J’ai vu des gars de l’ambulance, des infirmières et des chirurgiens, la boule au ventre, s’exposer aux feux de l’ennemi pour sauver des vies. Ils savaient que ce n’était pas en serrant les dents sur un bout de bois qu’on soulageait la douleur de l’extraction d’une balle de shrapnel ou l’amputation d’un membre. Ils savaient que le linge humide n’empêchait pas les gaz d’asphyxier et que, dans ces hôpitaux de fortune, la promiscuité des blessés facilitait la propagation des maladies. Et pourtant, ils couraient dans les tranchées récupérer les copains. Elles séchaient les fronts, assistaient les chirurgiens  sous les tirs ennemis, au risque de se trouver à leur tour à la place des copains.

 

J’ai aussi vu des gars prostrés pour une lettre d’amour. L’émotion les submergeait. Ils étaient désemparés. Ils avaient peur de ne plus jamais revoir leur amour. Des hommes robustes, pas faciles, sombraient sur la photo d’un enfant.

 

J’ai aussi ressenti la peur dans les lettres que m’envoie ma famille ou ma fiancée comme dans celles que reçoivent les copains. Loin des combats, loin de cet orage qui dure depuis des ans maintenant, nos proches souffrent pour nous et saignent de nos plaies.

 

La peur, Monsieur le curé, je crois savoir un peu, un tout petit peu, ce que c’est. Je l’ai fréquentée souvent dans nos tranchées ou à la conquête de points stratégiques, dérisoires en vérité. Jamais, je vous le dis, je n’ai pu l’apprivoiser.

 

L’intensité des secousses qu’elle provoque tout le long du corps et qui carillonnent dans la tête est bien plus oppressante que les détonations des mitrailleuses et des obus.

 

Monsieur le curé, je n’ai jamais entendu Dieu, la vierge Marie ou un saint me parler… mais la peur, je l’entends à chaque instant.

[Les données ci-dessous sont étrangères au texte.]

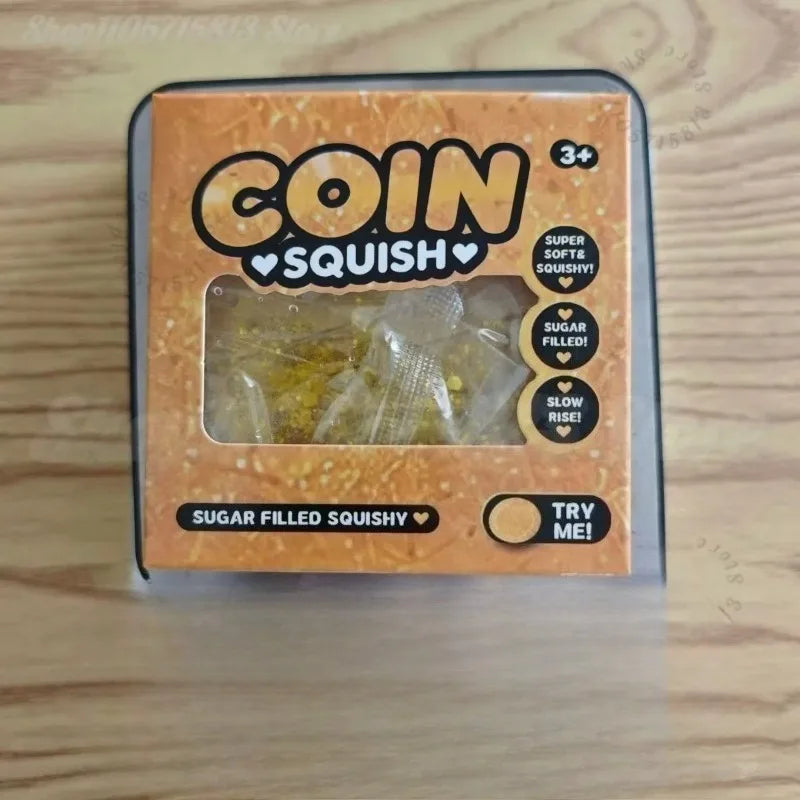 ///Dollar Gold Coin Squishy Slow Rising Stress Relief Fidget Toy Large Size Soft PU Squeeze Toy Funny Wealth Themed Desktop Gift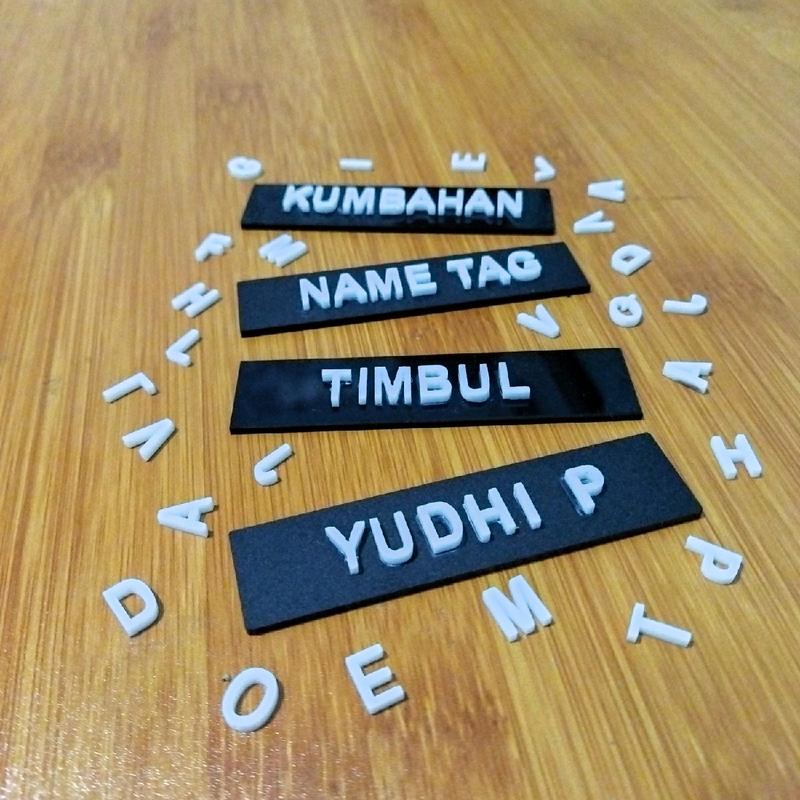 Name Tag 3D Nama Dada Timbul Magnet (Max 11 Huruf) 1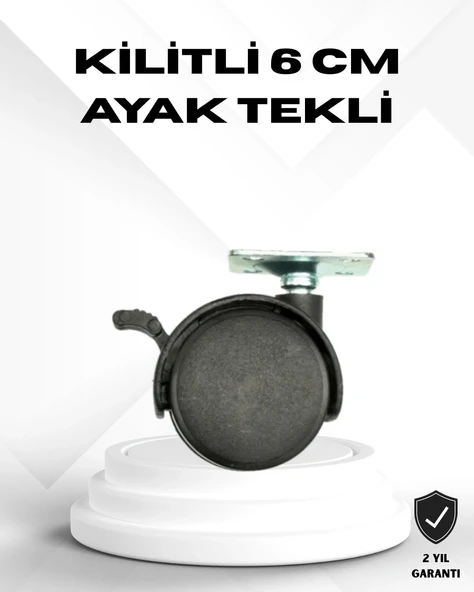 Kilitli 6 Cm Masa Ayağı Tekli Döner Tekerlek ürün görseli 1
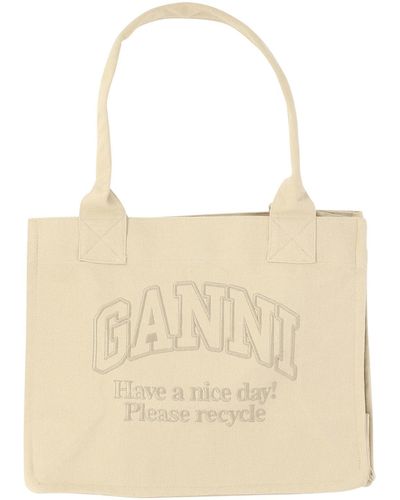 Ganni Tote Bag Met Geborduurd Logo - Naturel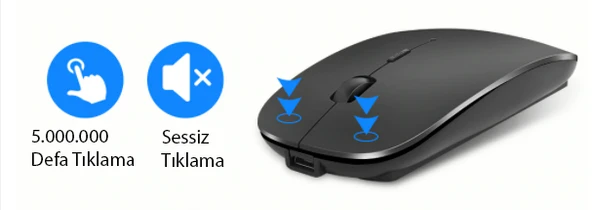 TriLine Bluetooth Şarjlı 2.4Ghz Kablosuz Mouse Sessiz Tıklama - 4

Parfois, elle me glisse à l’oreille ‘Tiens ! Vas-y ! Passe par ici !’ et je devine le danger.

D’autres fois, sans se dissimuler le moins du monde, elle me hurle ‘Va crever !’ ou ‘Regarde, là-bas ! C’est ton p’tit frère.’

 

Monsieur le curé, j’entends la peur chuchoter à mon oreille mais je n’entends pas Dieu. C’est que la peur est plus forte que Dieu ?  C’est que nous sommes plus sensibles aux sons qu’elle peut émettre ?

 

Monsieur le curé, une fois encore, je vous confie ma misère. J’aimerais tant vous confier mon bonheur et mes espoirs. Mais le temps n’y est pas.

 

Monsieur le curé, prenez bien soin de ma famille. Donnez-leur mes meilleures nouvelles, c’est-à-dire que je suis toujours vivant et conscient. Protégez-les de la peur.

 

Monsieur le curé, prenez soin de vous.